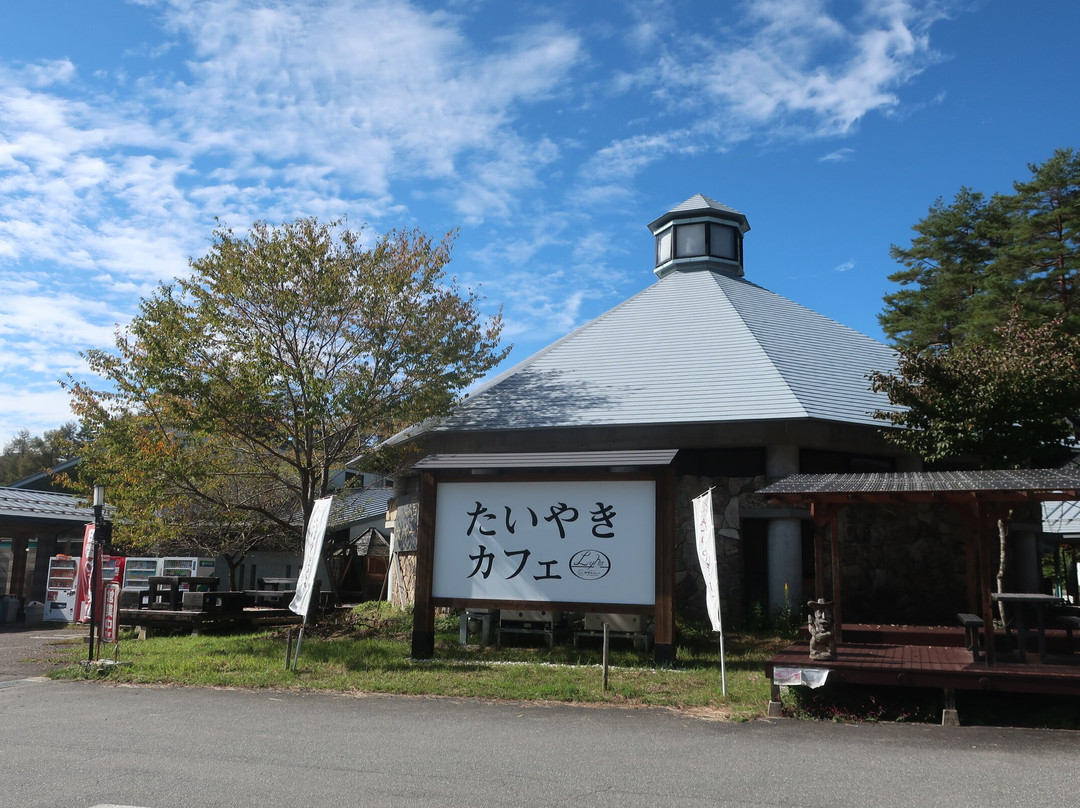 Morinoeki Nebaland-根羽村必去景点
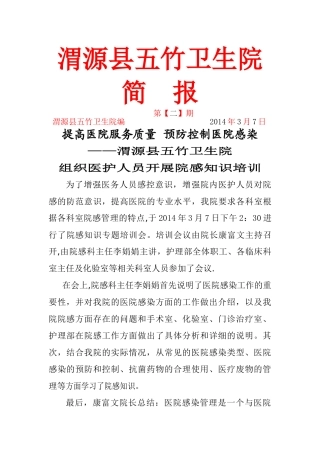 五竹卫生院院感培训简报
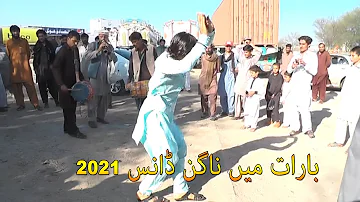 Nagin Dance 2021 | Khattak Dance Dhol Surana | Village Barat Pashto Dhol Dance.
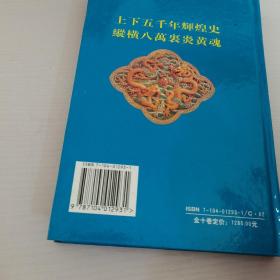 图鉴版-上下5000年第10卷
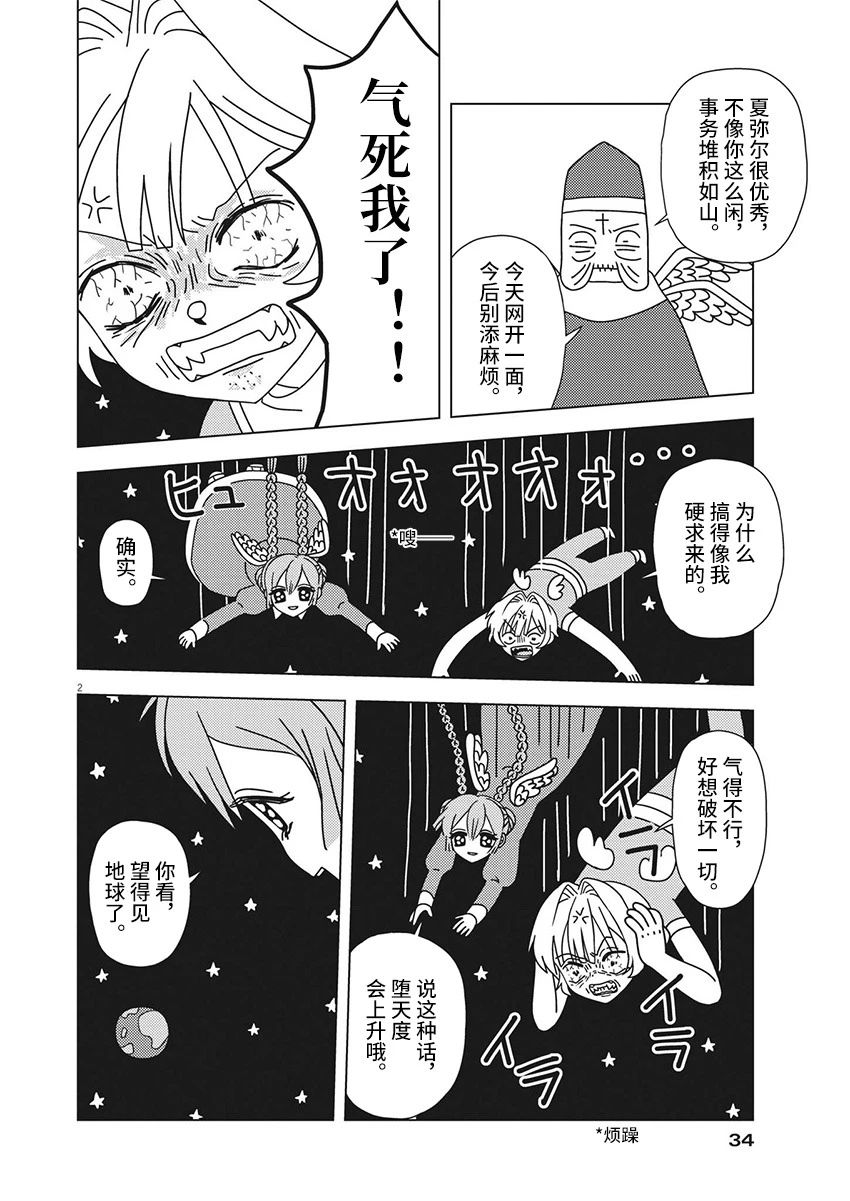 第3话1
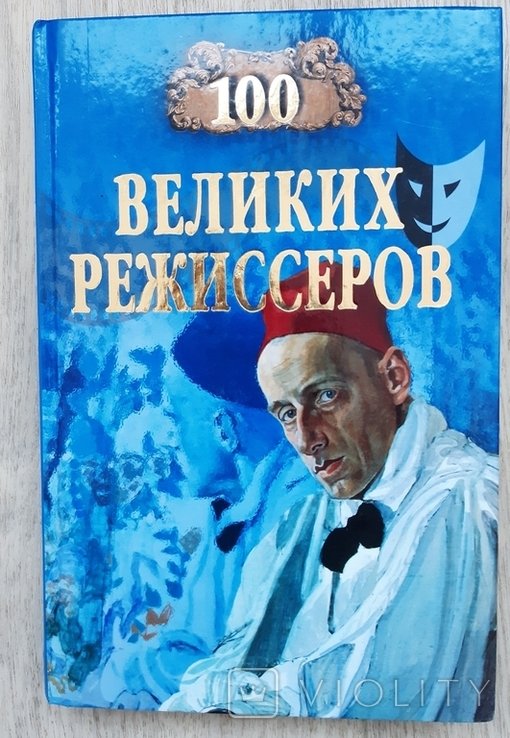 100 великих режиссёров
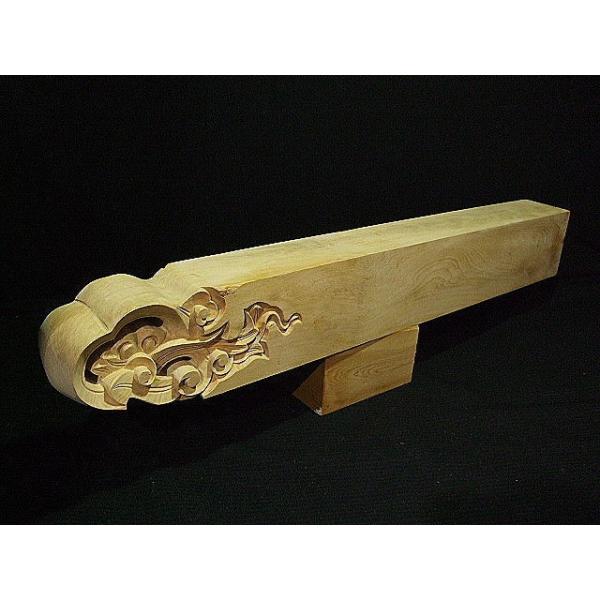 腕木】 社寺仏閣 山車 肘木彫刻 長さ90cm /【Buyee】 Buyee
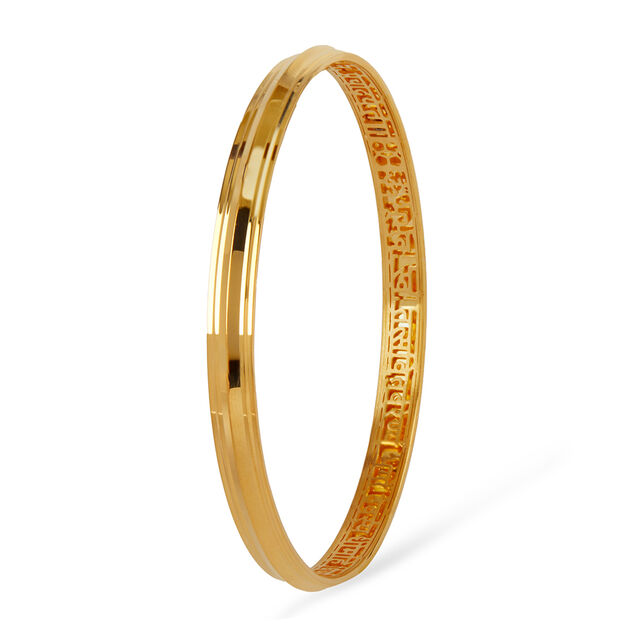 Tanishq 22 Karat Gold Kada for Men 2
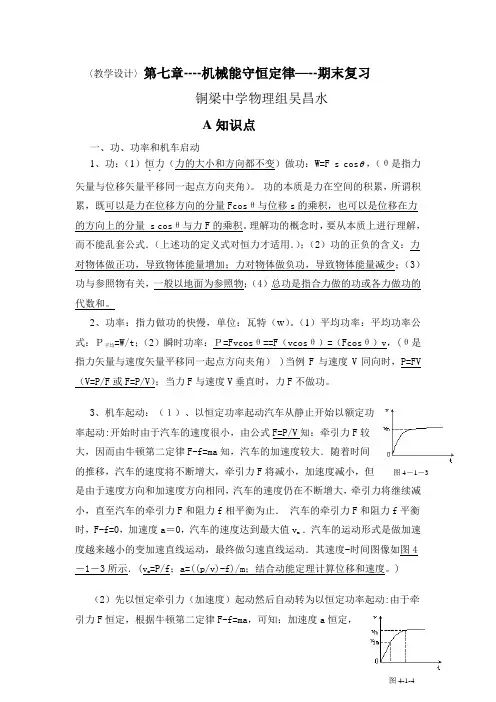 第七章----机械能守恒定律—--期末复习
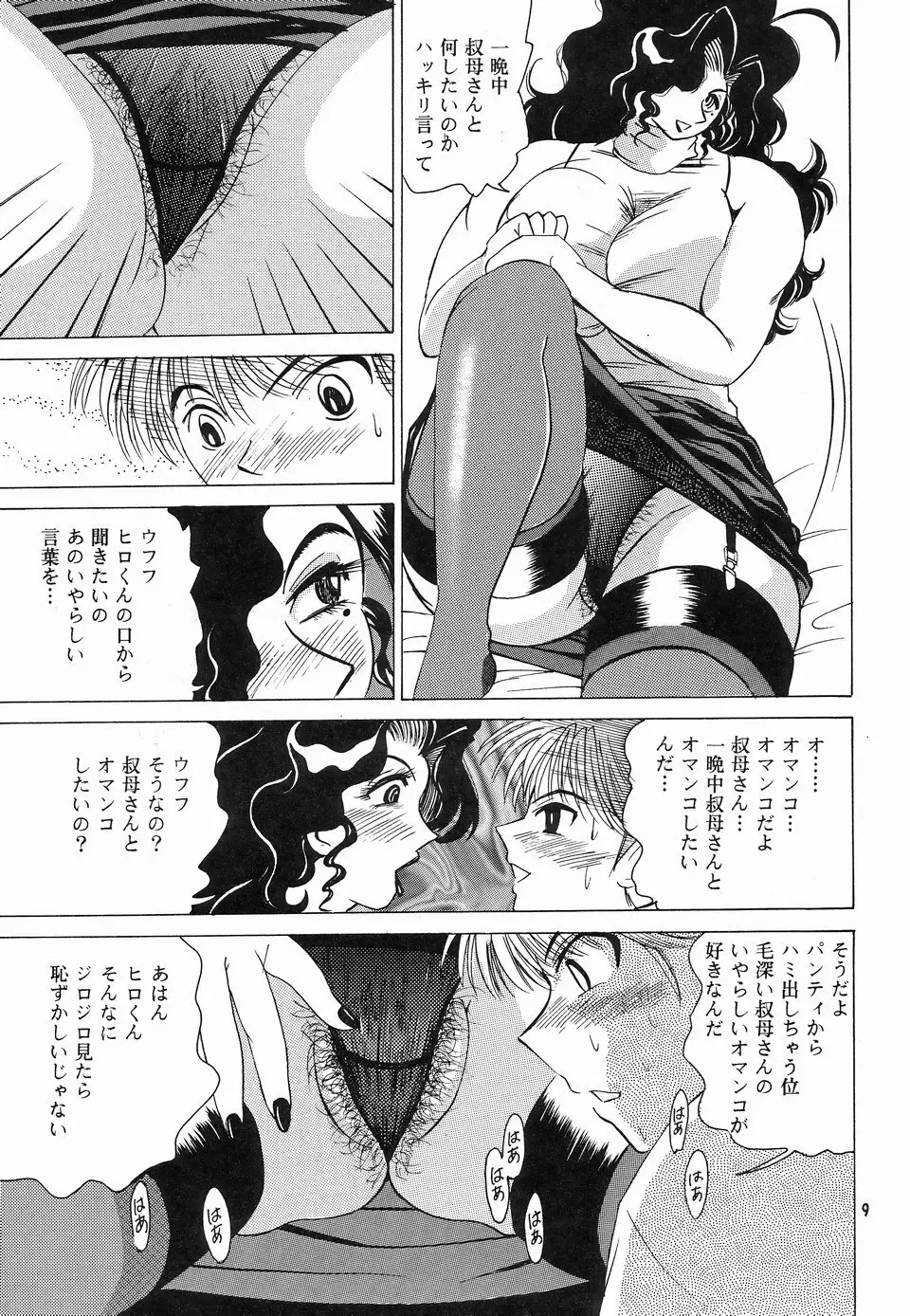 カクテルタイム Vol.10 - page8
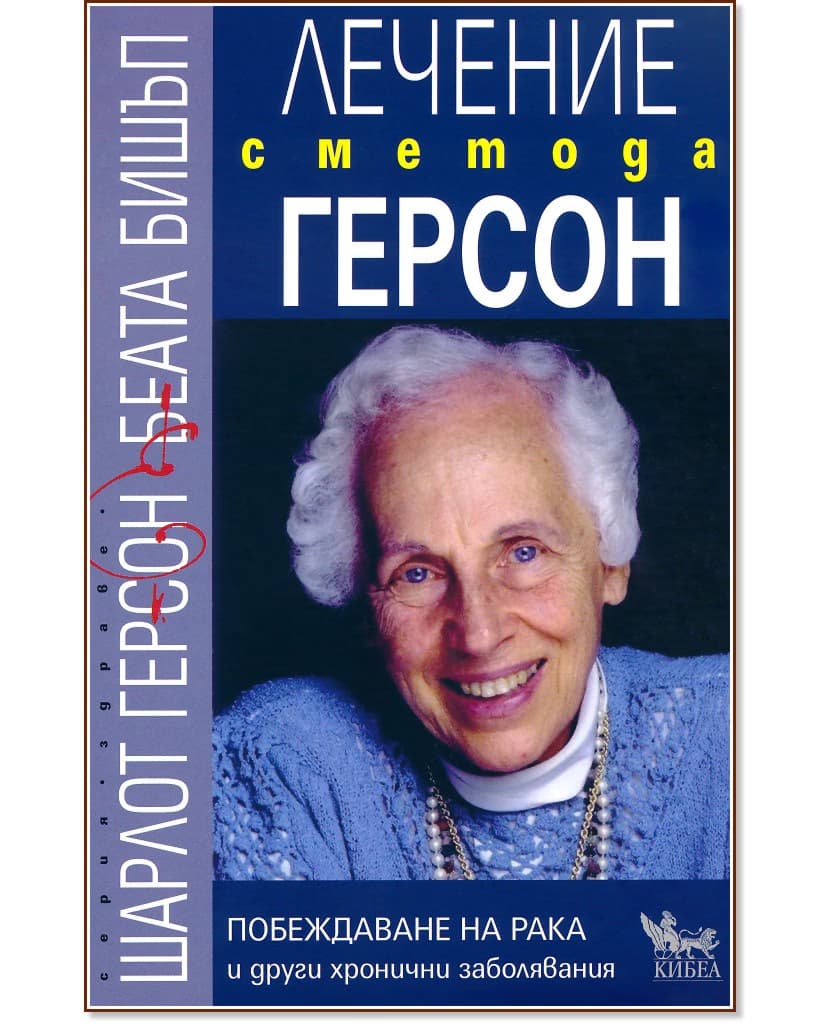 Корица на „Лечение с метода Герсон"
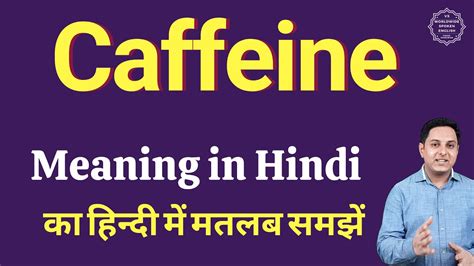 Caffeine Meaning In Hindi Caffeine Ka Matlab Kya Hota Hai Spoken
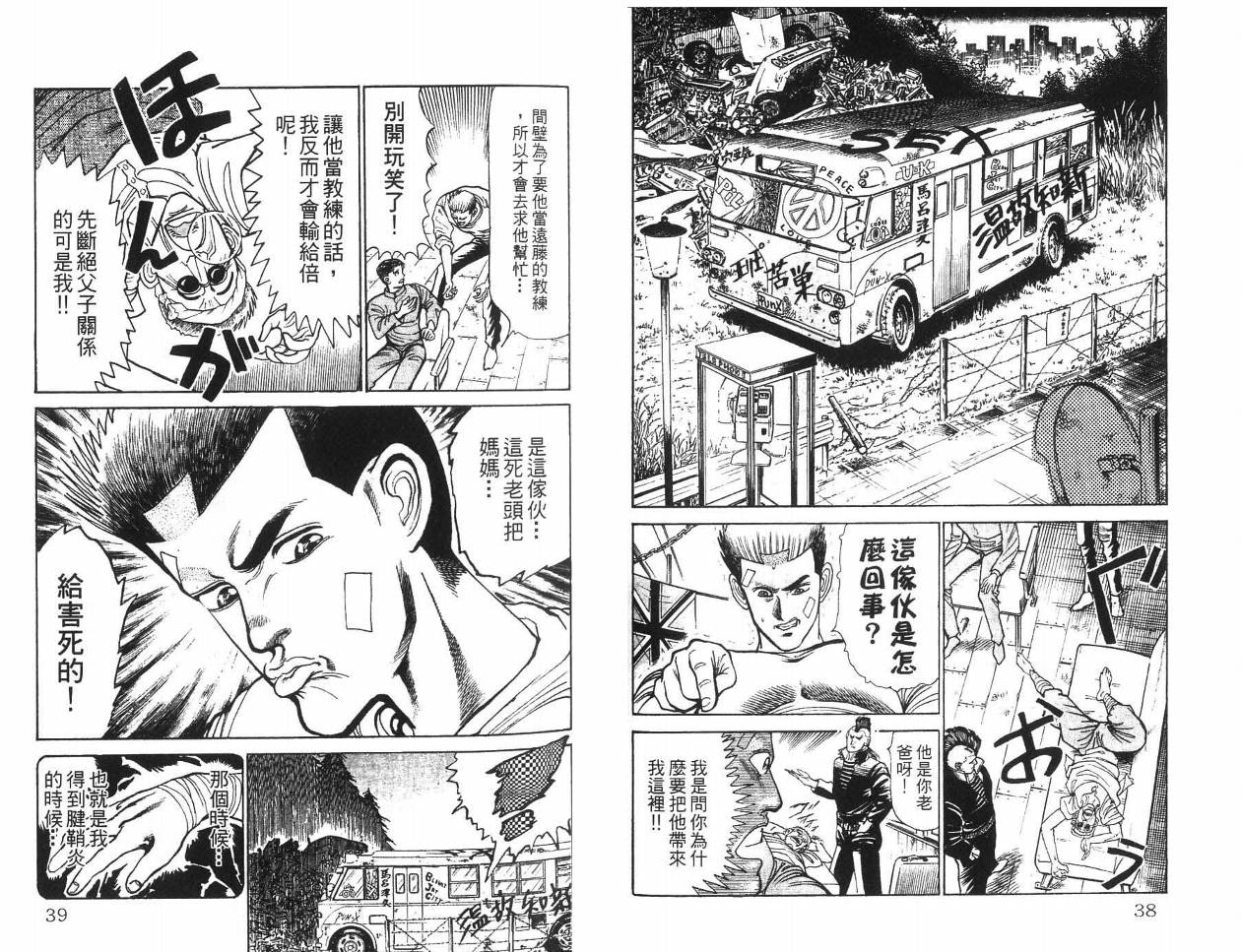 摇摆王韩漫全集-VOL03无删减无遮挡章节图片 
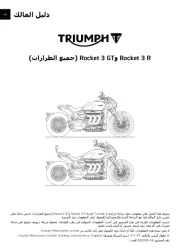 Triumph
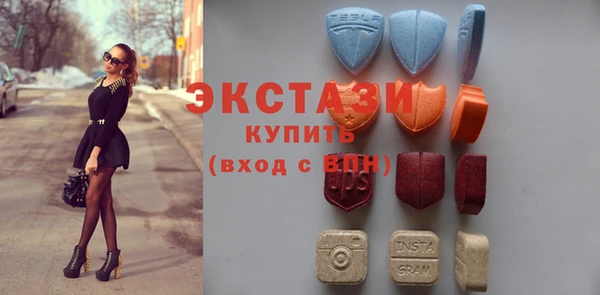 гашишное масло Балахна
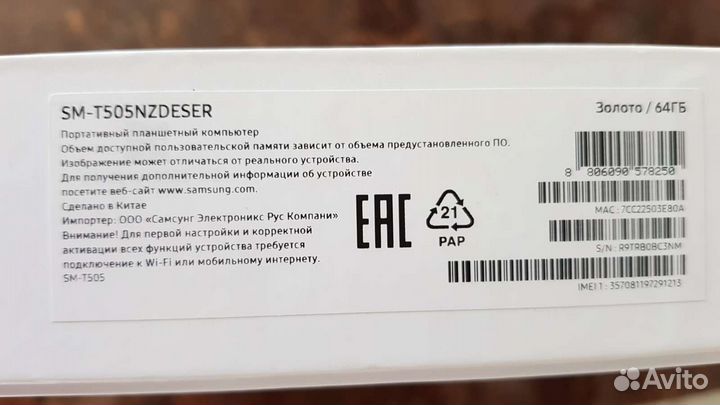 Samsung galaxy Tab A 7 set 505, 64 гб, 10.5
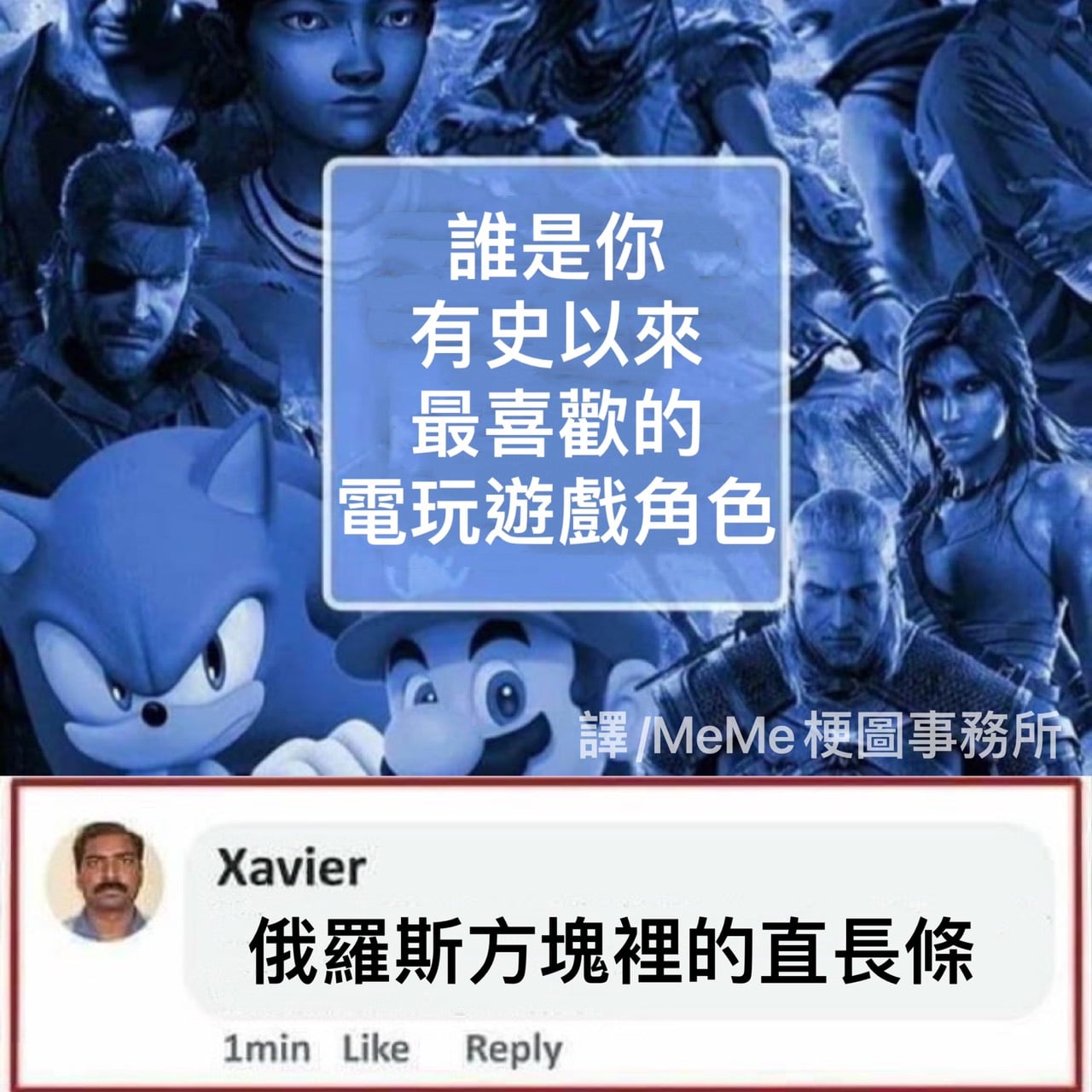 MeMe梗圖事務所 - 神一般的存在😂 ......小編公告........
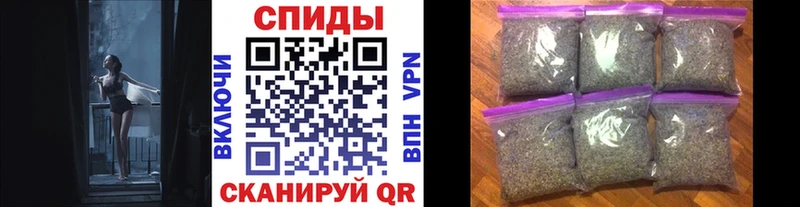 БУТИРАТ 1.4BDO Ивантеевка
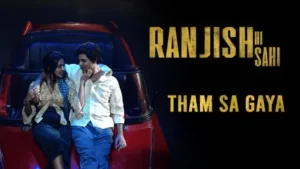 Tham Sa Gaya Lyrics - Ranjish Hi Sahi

* * * * * * * * *

> **Exercise details**
When copying the listing above, begin at its first line and stop after the line with "第七章----机械能守恒定律—--期末复习", keeping each line exact and dropping the pictures.

> **Answer box**
 Morinoeki Nebaland-根羽村必去景点
 五竹卫生院院感培训简报
 Nagin Dance 2021 | Khattak Dance Dhol Surana | Village Barat Pashto Dhol Dance.
 图鉴版-上下5000年第10卷
 第3话1
 100 великих режиссёров
 腕木】 社寺仏閣 山車 肘木彫刻 長さ90cm /【Buyee】 Buyee
 Tanishq 22 Karat Gold Kada for Men 2
 第七章----机械能守恒定律—--期末复习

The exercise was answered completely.